- Directions: Look in the data below for the line that has "Johnny Campbell Racing", then print exactly every line from there through the line that has "Grand Cru thermos jug, dusty 灰色 Rosendahl", leaving pictures out.

═════ The records ═════

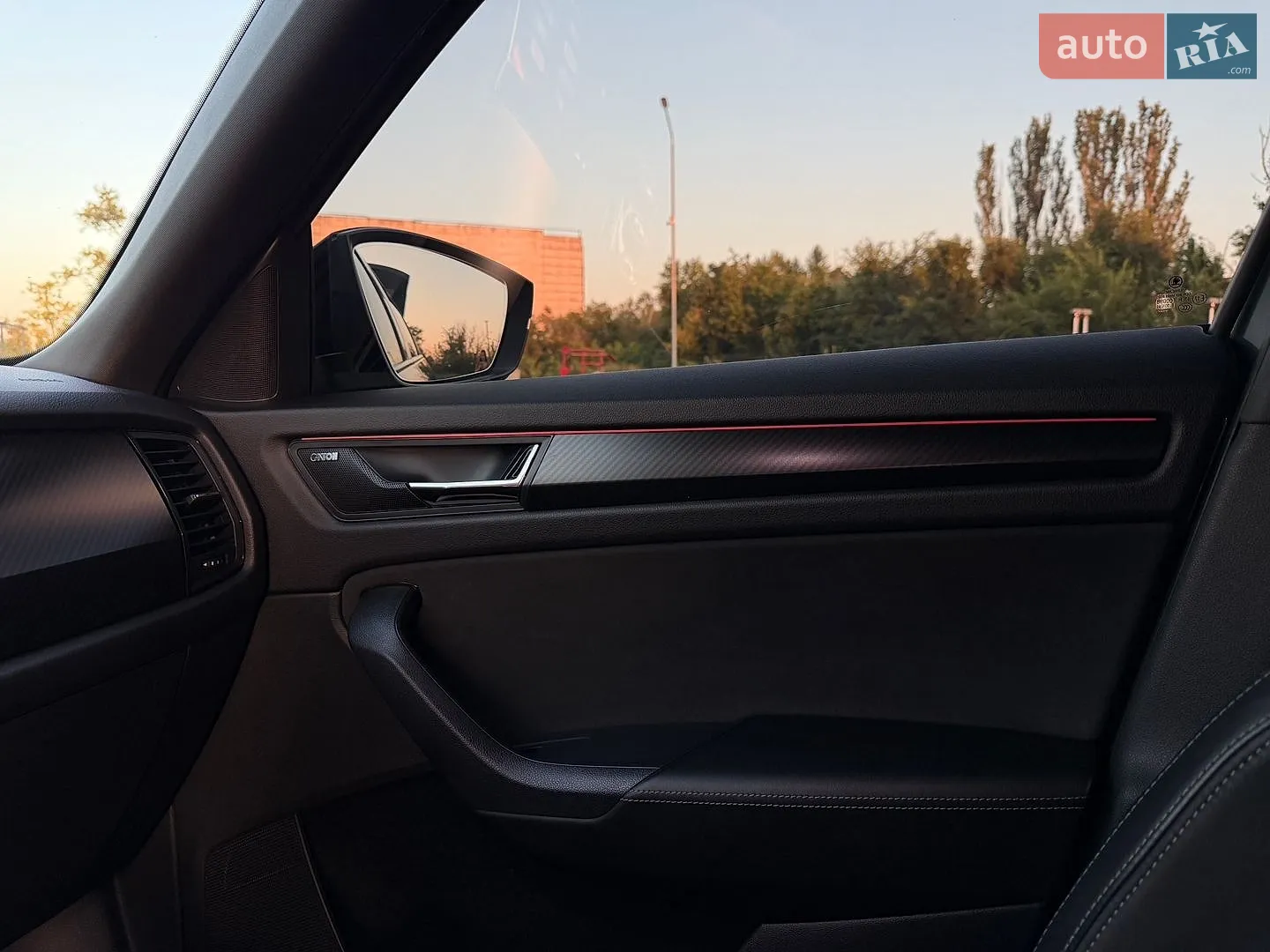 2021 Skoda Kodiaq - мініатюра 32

═════
═════ The records ═════

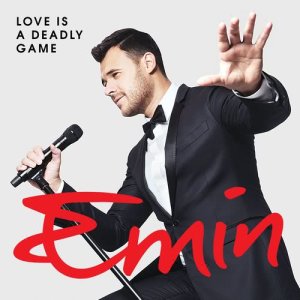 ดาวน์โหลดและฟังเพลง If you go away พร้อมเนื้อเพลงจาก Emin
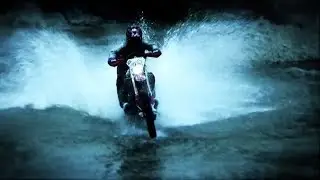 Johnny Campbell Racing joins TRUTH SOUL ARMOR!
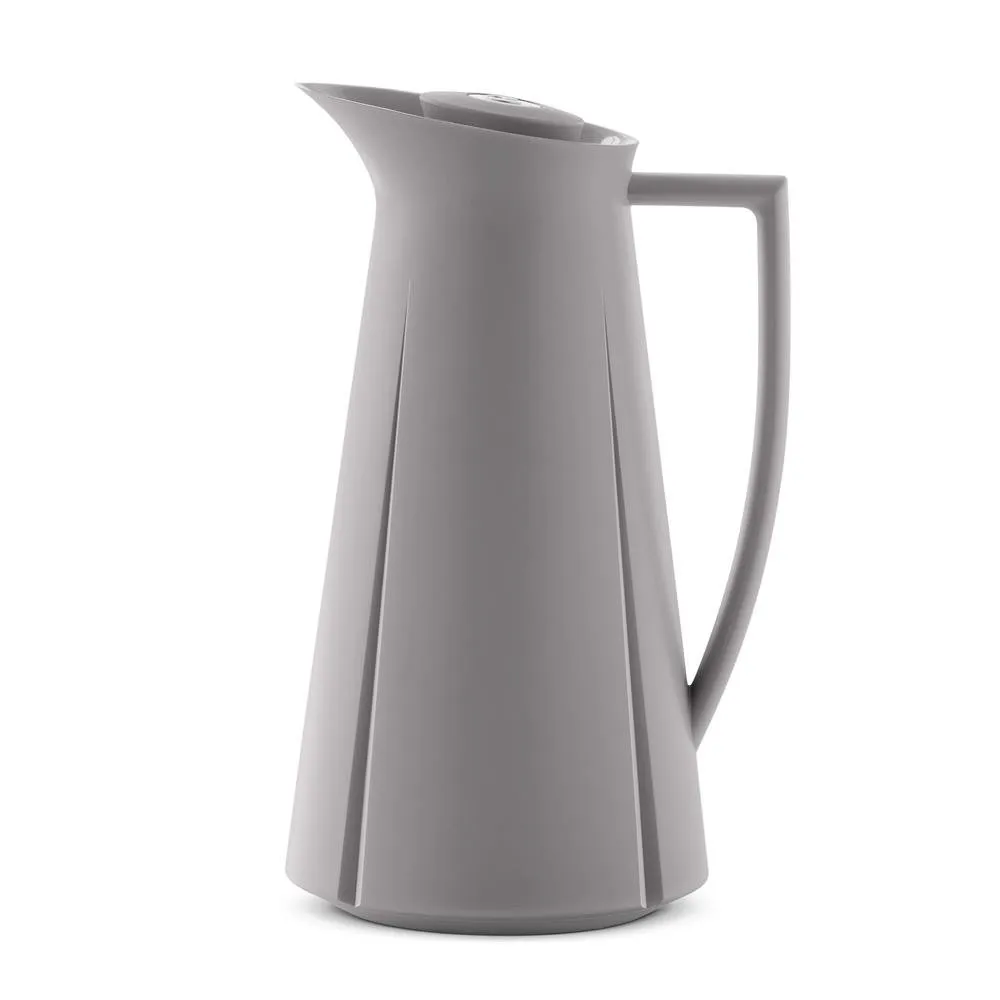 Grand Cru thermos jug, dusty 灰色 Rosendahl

═════

- Response:
 Johnny Campbell Racing joins TRUTH SOUL ARMOR!
 Grand Cru thermos jug, dusty 灰色 Rosendahl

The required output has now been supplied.